Jerry: What? [chuckles] No. [leans in for a better look, then realizes] Oh, geez. It does look like you.

Tom: That's what you see when you close your eyes at night, Jerry: topless Leslie glued to a horse! [laughs]

Jerry: Leslie, I'm just so, so sorry. Diaphena, she is this powerful goddess and... I've been thinking about powerful women and, subconsciously, I... painted you. I'm sorry, I'm gonna take it right down.
Leslie: No. Leave it up. [she smiles, feeling empowered and touched] I love it.

Ann: [seeing the cherub in the painting] Oh, my God! The baby is Tom! [Leslie gasps]
Tom: [shocked] What??!
Ann: [chuckles] This is easily my favorite painting, ever!

Tom: [upset at being the cherub] What the hell, Jerry?! Look at my potbelly - I look like a pregnant baby! And why am I so scared?? Alright, we need to take this down! Now!
Leslie: [still mesmerized] No, this painting isn't going anywhere Tom. It's staying right here.

Tom: In one brush stroke, Jerry has killed the Jay-Z vibe that's taken me years to cultivate and replaced it with the fat, brown baby vibe... which is not as cool of a vibe.

Leslie: I'm like that light bulb. Weak, flickering, barely giving off any light, unable to make out with the light bulb I wanna make out with.

Andy: You can use as much free electricity as you want, it's free.

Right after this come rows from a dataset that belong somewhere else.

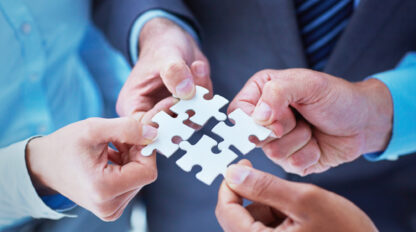 Four people in business attire are connecting four puzzle pieces together, symbolizing teamwork and collaboration.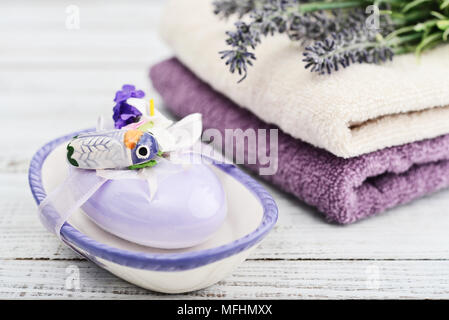 Lavendel Seife mit einer Einrichtung in Form von Motten in einer Soap Box mit einem Bouquet von Lavendel und Handtücher auf einer hölzernen Hintergrund Stockfoto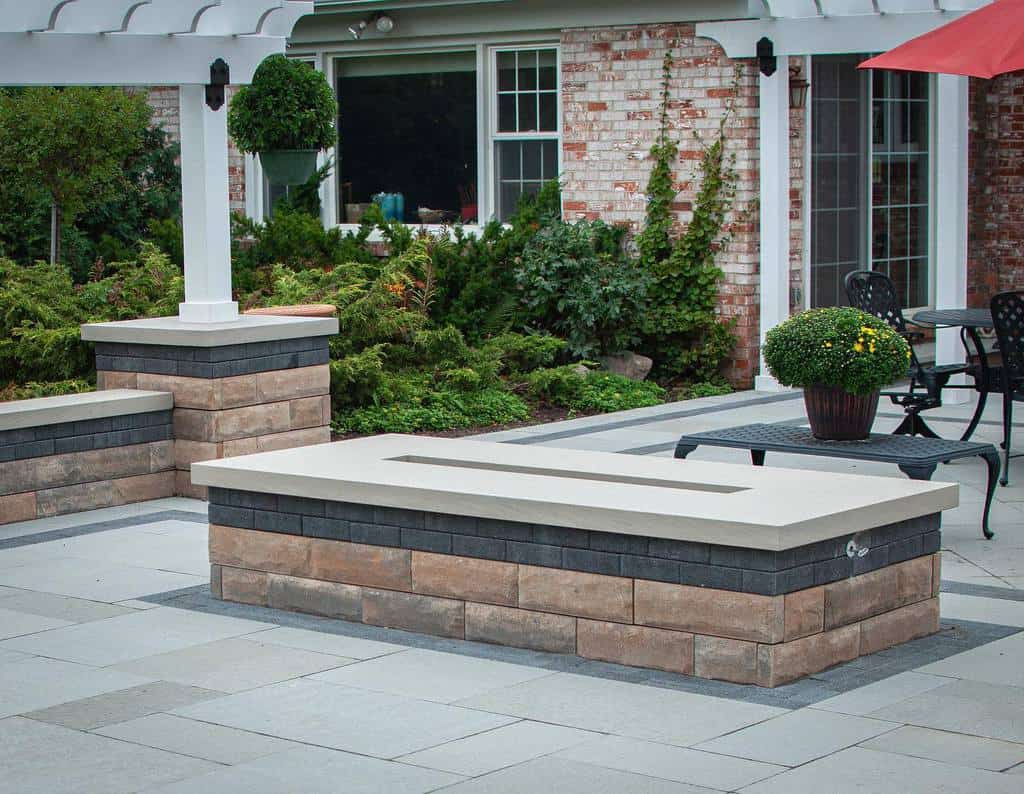 backyard paver patio stone fire pit black garden furniture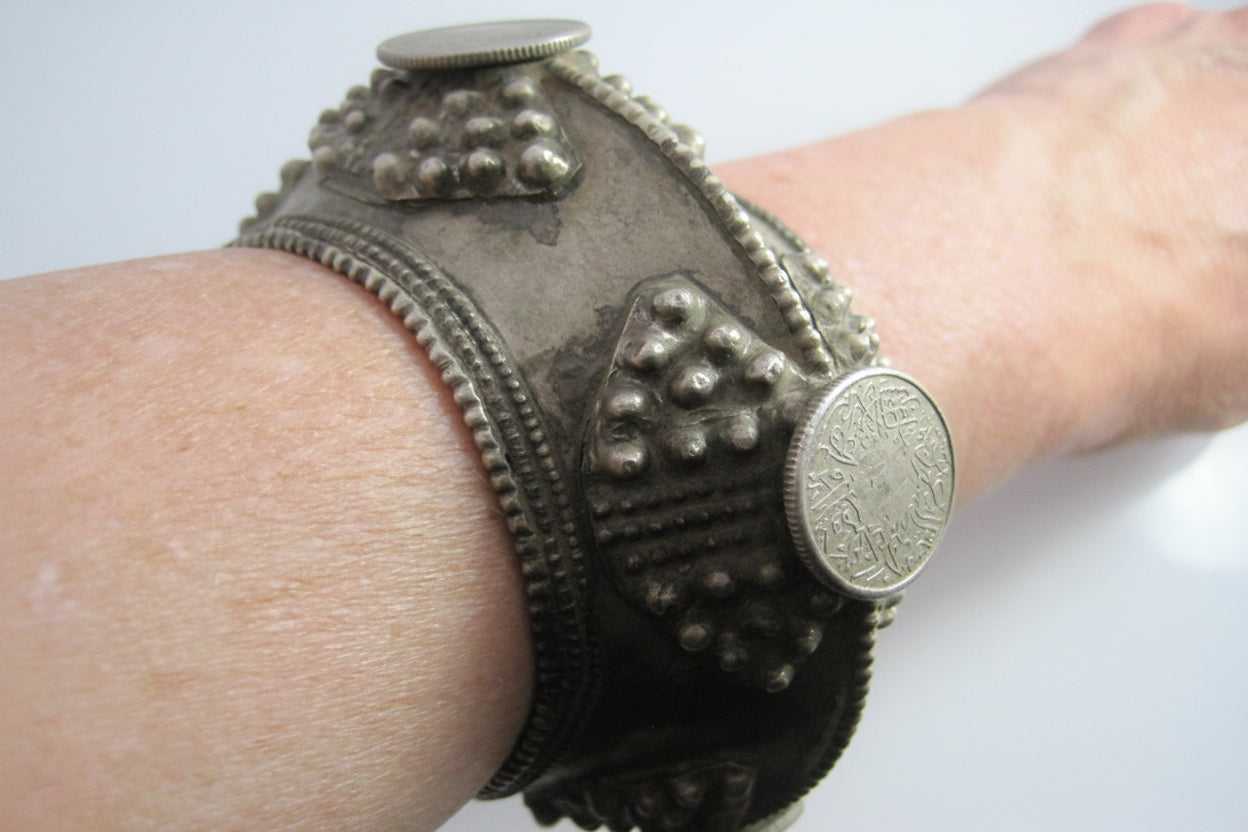Decorative metal bracelet on a wrist against a white background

Ben: [on laundry] You always separate your lights from your darks.
April: That's racist.

Leslie: Public Art Commission. Filled with hippies who love public art and sometimes weed. Jackpot.

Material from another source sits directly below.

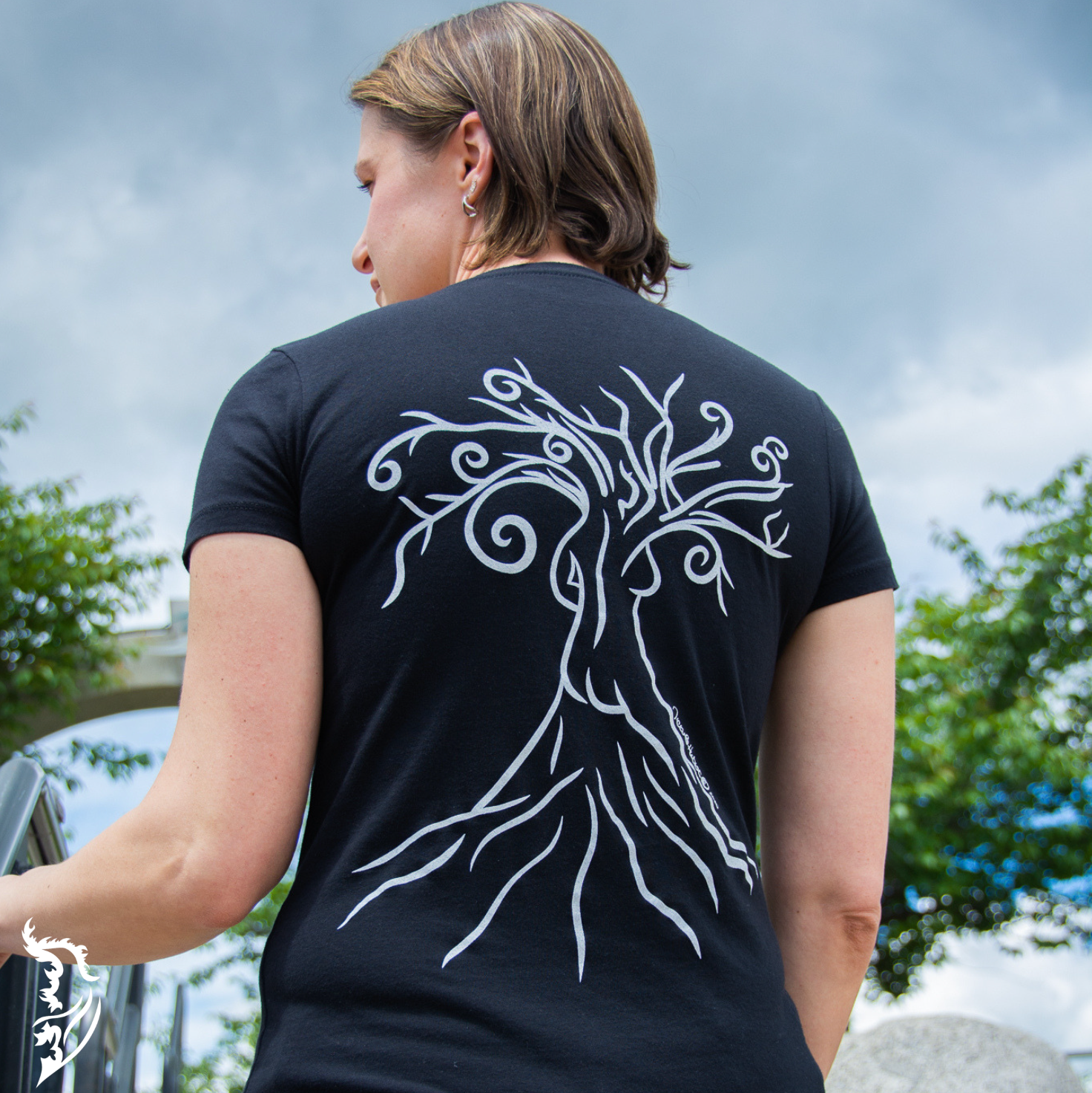 Black T-shirt featuring a hand-drawn line art design of a woman within a tree on the back center.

Leslie: That painting is not gonna be destroyed. Every great work of art contains a message. And the message of this painting is get out of my way unless you want an arrow in your ass, Marcia.

Andy: Yes, we're gonna get a dish rack, and shower curtains, and a cutting board, but if you think for one second that I'm not also gonna get that marshmallow shooter so I can shoot you in the face with marshmallows when you're asleep, then you're the dumbest woman I know.

[Tom is admiring Jerry's new painting of Tom replacing Leslie for the centaur]
Tom: I look awesome!
Andy: [confused about the centaur's anatomy] Is your penis between the front... arms, or the back legs?
April: [also confused] Yeah, where's your penis?
[Tom looks back at the painting, then at Jerry feeling very upset]
Tom: Dammit, Jerry!

Leslie: Leslie: There were many kinds of Greek goddesses. Some were lovers, some were warriors... and some were tricksters!